Il veterano Piccolo: è dura stare fuori

L’esterno d’attacco: è vero penso al gol, ma oggi bisogna soprattutto correre
LANCIANO. Per problemi fisici è rimasto ai margini di questo inizio di stagione. Su 9 partite, ne ha disputate 4 e non interamente. Ma pian piano, da quando è rientrato contro il Cittadella, si sta ritagliando il suo posto in squadra a ritmo di buone prestazioni, coronate finora da un gol. Messo a segno contro il Vicenza.
E’ Antonio Piccolo, che alla sua terza stagione con la maglia rossonera, ha voglia di riscattarsi dopo un campionato, quello dello sorso anno, avaro di gol: per lui solo due reti su 35 presenze. Un po’ poco pensando che l’anno prima, da gennaio – quando arrivò in prestito dal Livorno – a giugno su 19 presenze realizzò 7 gol.
«Sarebbe da ipocrita dire che non penso al gol», ha detto l’attaccante rossonero, «ma è vero che bisogna sempre prima valutare la prestazione della squadra, pensare alla squadra e non al singolo. Certo, il gol lo cerco, ma cerco anche la prestazione e sto lavorando per questo obiettivo». Gol cercato spesso da Piccolo che di occasioni per calciare in porta ne crea davvero tante. Spesso però non riesce a concluderle nel migliore dei modi. «Devo arrivare al tiro con più determinazione e concentrazione» ha risposto l’attaccante «e sto lavorando per questo. Il fatto che faccia molto anche la fase difensiva non deve incidere poi su quella offensiva. Il calcio di oggi è questo: bisogna fare entrambe le fasi, correre avanti e indietro. Attacco e difesa, senza risparmiarsi».

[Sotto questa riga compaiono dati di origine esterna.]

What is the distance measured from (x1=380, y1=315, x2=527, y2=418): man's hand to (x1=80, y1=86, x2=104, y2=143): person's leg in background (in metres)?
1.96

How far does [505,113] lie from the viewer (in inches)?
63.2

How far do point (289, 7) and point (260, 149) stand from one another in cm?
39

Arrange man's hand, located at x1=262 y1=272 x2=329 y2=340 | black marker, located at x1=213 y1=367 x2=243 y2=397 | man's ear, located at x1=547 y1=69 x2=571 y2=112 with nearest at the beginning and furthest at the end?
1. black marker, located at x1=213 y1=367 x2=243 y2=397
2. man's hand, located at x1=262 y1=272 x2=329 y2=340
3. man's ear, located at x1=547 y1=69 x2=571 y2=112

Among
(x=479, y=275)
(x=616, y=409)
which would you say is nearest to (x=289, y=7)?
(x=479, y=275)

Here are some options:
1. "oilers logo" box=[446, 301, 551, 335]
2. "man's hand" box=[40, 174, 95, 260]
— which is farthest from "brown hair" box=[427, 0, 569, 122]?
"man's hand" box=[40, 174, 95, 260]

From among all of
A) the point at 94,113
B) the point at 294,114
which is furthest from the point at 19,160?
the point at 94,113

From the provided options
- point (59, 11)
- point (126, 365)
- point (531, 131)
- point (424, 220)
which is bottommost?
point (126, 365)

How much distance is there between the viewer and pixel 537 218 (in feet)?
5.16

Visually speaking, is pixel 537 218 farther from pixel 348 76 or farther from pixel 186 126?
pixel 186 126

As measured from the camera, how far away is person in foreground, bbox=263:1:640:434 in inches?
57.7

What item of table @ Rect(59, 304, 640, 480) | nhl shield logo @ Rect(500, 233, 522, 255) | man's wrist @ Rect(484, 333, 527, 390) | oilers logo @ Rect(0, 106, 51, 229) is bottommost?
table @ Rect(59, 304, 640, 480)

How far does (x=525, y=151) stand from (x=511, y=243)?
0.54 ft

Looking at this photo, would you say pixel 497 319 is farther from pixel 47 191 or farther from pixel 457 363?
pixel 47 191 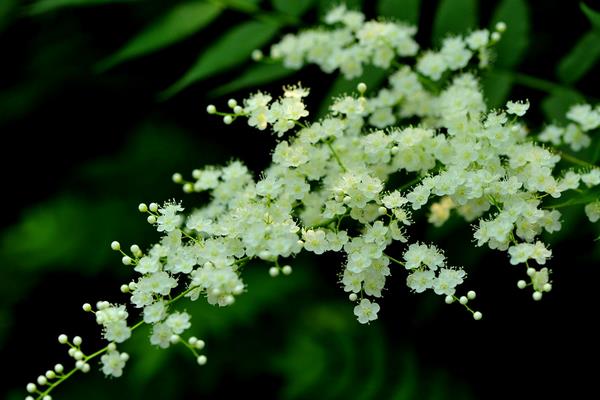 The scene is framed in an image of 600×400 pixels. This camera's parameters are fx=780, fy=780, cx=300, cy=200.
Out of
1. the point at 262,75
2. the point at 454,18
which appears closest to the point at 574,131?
the point at 454,18

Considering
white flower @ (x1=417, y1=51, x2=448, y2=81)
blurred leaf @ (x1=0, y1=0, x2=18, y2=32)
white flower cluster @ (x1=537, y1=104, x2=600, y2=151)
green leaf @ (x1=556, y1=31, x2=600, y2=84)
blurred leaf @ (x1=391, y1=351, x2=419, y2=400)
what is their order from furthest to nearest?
blurred leaf @ (x1=0, y1=0, x2=18, y2=32) < blurred leaf @ (x1=391, y1=351, x2=419, y2=400) < green leaf @ (x1=556, y1=31, x2=600, y2=84) < white flower @ (x1=417, y1=51, x2=448, y2=81) < white flower cluster @ (x1=537, y1=104, x2=600, y2=151)

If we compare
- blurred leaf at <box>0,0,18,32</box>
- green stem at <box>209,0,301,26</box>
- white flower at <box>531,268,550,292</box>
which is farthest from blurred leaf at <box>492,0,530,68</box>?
blurred leaf at <box>0,0,18,32</box>

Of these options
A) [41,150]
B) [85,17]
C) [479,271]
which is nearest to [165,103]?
[85,17]

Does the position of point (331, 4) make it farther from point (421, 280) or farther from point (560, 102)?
point (421, 280)

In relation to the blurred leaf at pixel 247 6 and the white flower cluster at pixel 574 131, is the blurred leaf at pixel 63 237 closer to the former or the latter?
the blurred leaf at pixel 247 6

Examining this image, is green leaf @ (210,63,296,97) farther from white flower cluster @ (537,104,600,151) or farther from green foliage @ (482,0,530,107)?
white flower cluster @ (537,104,600,151)

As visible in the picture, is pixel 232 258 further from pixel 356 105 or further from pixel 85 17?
pixel 85 17

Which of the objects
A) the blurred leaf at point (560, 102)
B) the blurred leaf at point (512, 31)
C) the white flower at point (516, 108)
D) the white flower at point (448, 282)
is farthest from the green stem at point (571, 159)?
the white flower at point (448, 282) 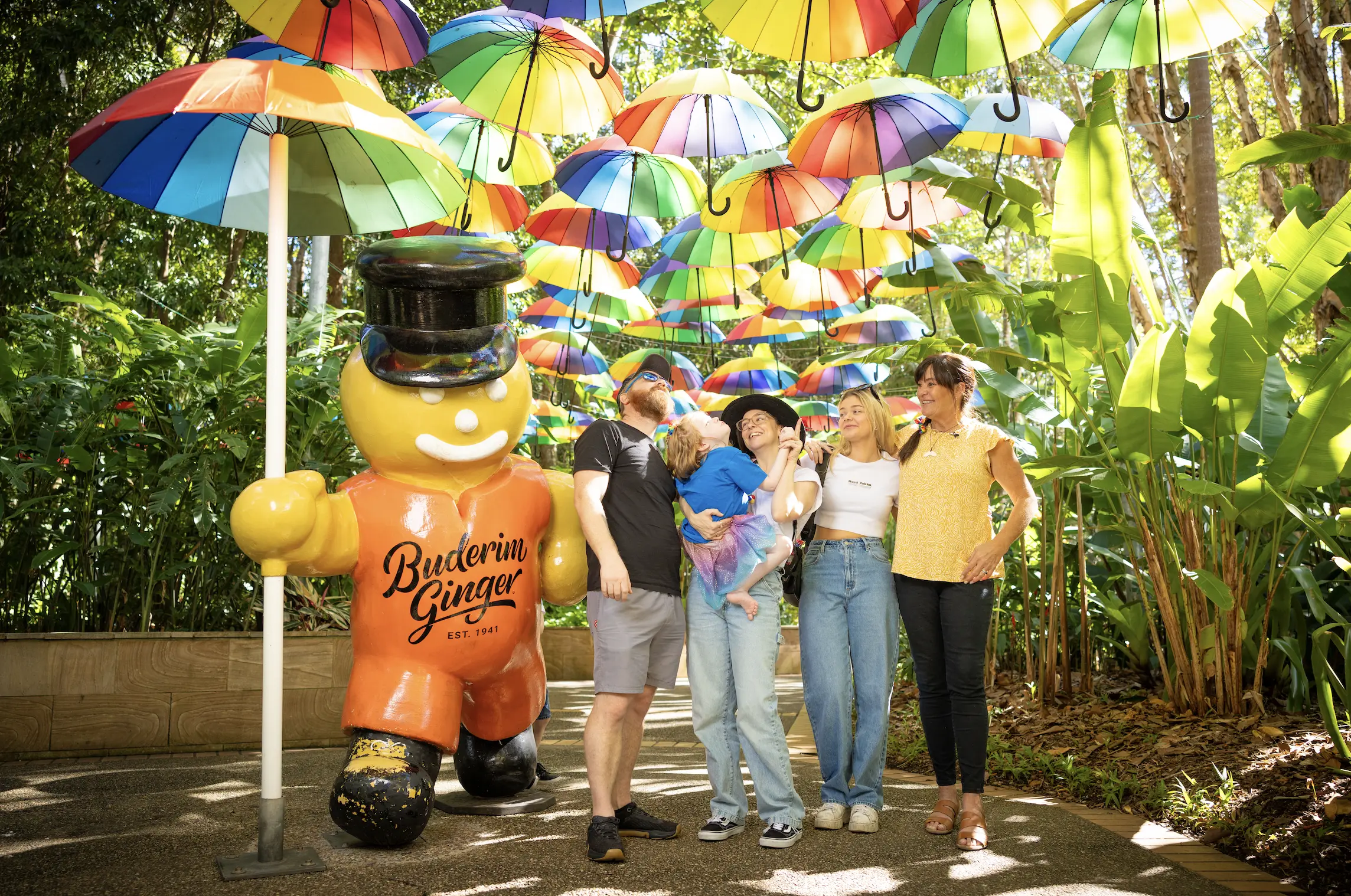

E nessuno deve risparmiarsi, neanche chi è fuori. «Tutti sappiamo che possiamo e dobbiamo dare il nostro contributo», ha detto Piccolo «certo è dura stare fuori. Lo è anche per Cerri che ha anche segnato 4 gol. Ma lui è intelligente, sa qual è il suo potenziale e che che può dare una mano, anche per poco tempo. Dobbiamo essere tutti intelligenti e capire di poter dare il nostro contributo sempre». Un contributo per conquistare la salvezza, che resta l’obiettivo della stagione, oppure quest’anno si può puntare ai play off? «La squadra è stata costruita per la salvezza e per restare in B il più a lungo possibile», ha detto l’esterno d’attacco, «certo se poi si raggiungono i 50 punti subito, è logico alzare l’asticella e porsi altri obiettivi». Intanto sabato bisogna conquistare i tre punti al Partenio: «Sarà una partita difficile, in uno stadio caldo. L’Avellino sta facendo bene, è duro, aggressivo, dà battaglia fino al 90’»(t.d.r.)